JOHANNESBURG, South Africa — South Sudanese militias fired on two U.S. military aircraft Saturday, wounding four U.S. servicemen, one of them critically, according to American military officials.
The two planes were headed to Bor, north of the capital Juba, the main town in the eastern state of Jonglei, which is under the control of a rebel military faction associated with sacked vice president Riek Machar.
Intense fighting has been going on in the region as South Sudan's army struggles to take back the town.
South Sudan is spiraling dangerously toward civil war, with the army losing its grip on key regions, as the military splits and defectors seize control of key areas.
An army division loyal to Gen. James Koang in the main oil-producing region, Unity state, mutinied Friday. Koang later declared himself governor of the state, according to independent local Radio Tamazuj. Fighting ignited in other parts of the north, the station reported.
The country appears to be splitting along ethnic lines in a confrontation between President Salva Kiir and Machar, whom he dismissed, with the entire cabinet, in July. Kiir, of the Dinka ethnic group, has accused Machar, a Nuer, of launching a coup.
Machar accused Kiir of stirring ethnic tensions and denied the coup accusation, but in recent days Machar has appeared to be in open rebellion, with reports that rebel generals in Jonglei and Unity states are under his command.
The two American planes were on a mission Saturday to evacuate American citizens, according to a statement from the U.S. military African command, but were fired on as they made their approach. The planes were forced to abort the rescue mission, turned back and flew to Uganda.
"We can confirm that four U.S. service members were injured today from gunfire directed at their aircraft in South Sudan.
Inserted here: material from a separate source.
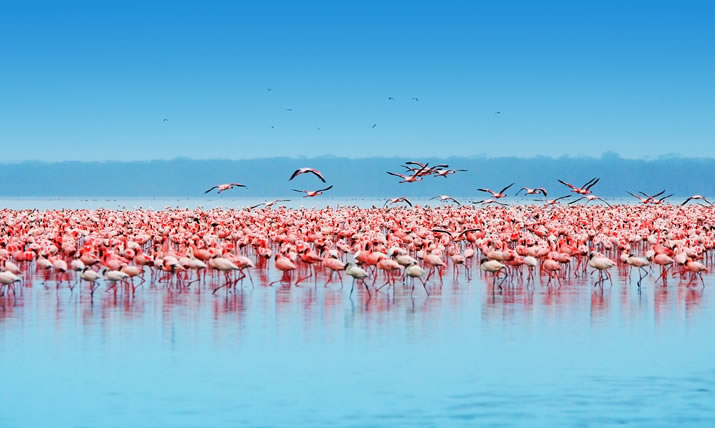 5 Days Samburu, Lake Nakuru & Hell’s Gate Safari._3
The aircraft was participating in a mission to evacuate American citizens in Bor,” the statement said.
The aircraft diverted to Kampala, the Ugandan capital, the Associated Press reported. The servicemen, one reported to be in a critical condition, were then flown to Nairobi, Kenya, for treatment.
There were no details on how many Americans were being evacuated, who they were and whether a further rescue effort would be made later.
"We will continue to monitor the situation on the ground in order to assess future possibilities for [evacuation] flights from South Sudan," the embassy said.
China National Petrolem Company is also evacuating hundreds of oil workers.
In recent days, 2,000 youths of the Nuer ethnicity associated with Machar attacked a U.N. compound in Akobo, in Jonglei state, killing two Indian peacekeepers and more than 20 civilians, mainly of Dinka ethnicity, who had taken refuge there.
U.N. peacekeepers are evacuating staff from several bases in Jonglei state as a result, leaving citizens under the protection of the South Sudanese army, according to local media.